A and his wife had a son who was born on 2 June 2013. A’s wife suffers from polycystic ovary syndrome which made her pregnancy more ‘high-risk’ than usual.
On 10 February 2014, while their previous leave to remain was still extant, A’s wife made an asylum application and A applied as a dependant on her claim, alongside their son. The effect of this application, made while A had leave to remain in the UK, was that his existing leave (and the permission to work attached to it) continued under section 3C of the Immigration Act 1971.
As such, on the same day, A was issued with an application registration card (ARC) identifying A as an asylum claimant, stating that A is ’allowed to work’ and providing employers with a number to call to check whether A remains entitled to work. A retained that ARC until it was taken from him on 24 July 2019.
On 23 February 2015, the Home Office made a decision to refuse A’s wife’s asylum claim. It also made separate decisions to refuse A’s and his son’s applications. These decisions were separately communicated. All three decisions were appealed to the First-tier Tribunal which found that they had not been made in accordance with the law and remitted them to the Home Office to make fresh decisions. In 2017, the Home Office made a fresh decision on A’s wife’s claim but critically failed to make a fresh decision in respect of A. As a result, A’s 3C leave and his associated right to work remained in place.
A’s wife made a further application on asylum and human rights grounds in March 2019 , upon which A was a dependant. While a decision on this application was pending, A remained entitled to work as a result of his 3C leave. In June 2019, the Home Office suddenly revoked his permission to work.
Legal Proceedings
The judicial review was sought on two grounds. Firstly, that A had, at all material times and continues to have, leave to remain in the UK pursuant to s.3C of the Immigration Act 1971 and the Home Office’s attempt to prohibit him from working is unlawful.
A had made an application for further leave to remain as long ago as February 2014, within the currency of his previous leave to remain, as a dependant on his wife’s asylum claim. Additionally, A’s wife’s further application on asylum and human rights grounds in March 2019, upon A was a dependant, was never the subject of a decision and remained undetermined.

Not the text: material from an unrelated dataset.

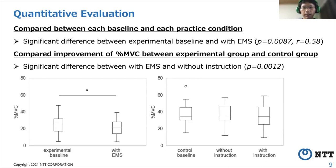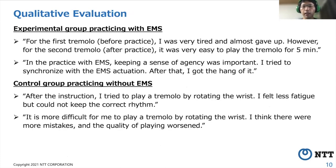Next, we compared the experimental group and the control group by conducting an unpaired one-sided test with Bonferroni correction, and there was a significant difference between EMS and without instruction. Participants in the experimental group claimed that they felt less fatigue with the second tremolo. They also said that the instruction to rotate the wrist by EMS was intuitive and easy to understand, and they became used to playing a tremolo just by synchronizing with the wrist rotation induced by EMS. On the other hand, participants in the control group claimed it was difficult to play a tremolo by rotating the wrist, and they did not feel their skills improved subjectively just through verbal instruction.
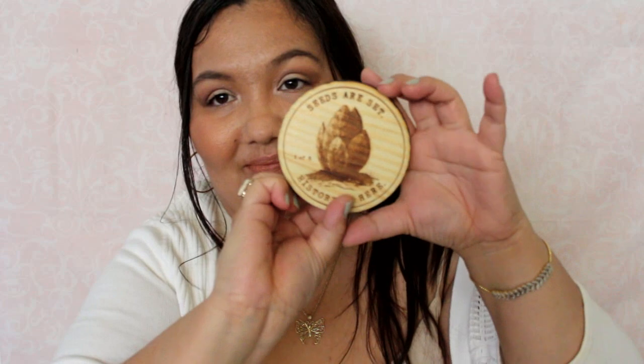This is from Copenhagen and it's my first sample from them — I just signed up with them. These are wooden. It says 'Seeds are set, history is here — one of eight' and 'History made on American soil — two of eight.' These are wooden coasters. Those are cool.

Secondly, the Home Office was aware of A’s family situation: his wife is a Pakistani national; they have two children who were born in the UK; and his wife was expecting a third child on 7 October 2019 with the pregnancy being specifically identified as ‘high risk’.
Given the circumstances, counsel submitted that the decision to remove the applicant’s entitlement to work and support his family, in the late stage of his wife’s pregnancy as well as the overdue decision on the family’s human rights claim, was an arbitrary and unlawful interference in his and his family’s Article 8 rights.
There had been no explanation for the delay of over three months, affecting a family with two young children and a heavily pregnant woman, from the point when it was said that the Home Office was in a position to make a decision. The Home Office’s conduct, in deciding suddenly to (purport to) withdraw A's right to work at this stage, with pending applications for the whole family, was in full knowledge of the extreme economic hardship it would cause a young family and was therefore disproportionate. It was argued that for the purposes of A’s urgent application for interim relief, the arguability threshold had very clearly been passed.
Outcome
The judicial review was successful in negotiating an order which reinstated A’s right to work. The order provided for urgent interim relief, quashing the SSHD’s orders and included a declaration that A is entitled to work. A was also compensated for loss of earnings (amounting to over £5000) for the three month period from when his permission was revoked.
Representation
A was represented by Fahad Ansari, immigration consultant at Duncan Lewis Solicitors. Counsel was David Chirico of 1 Pump Court.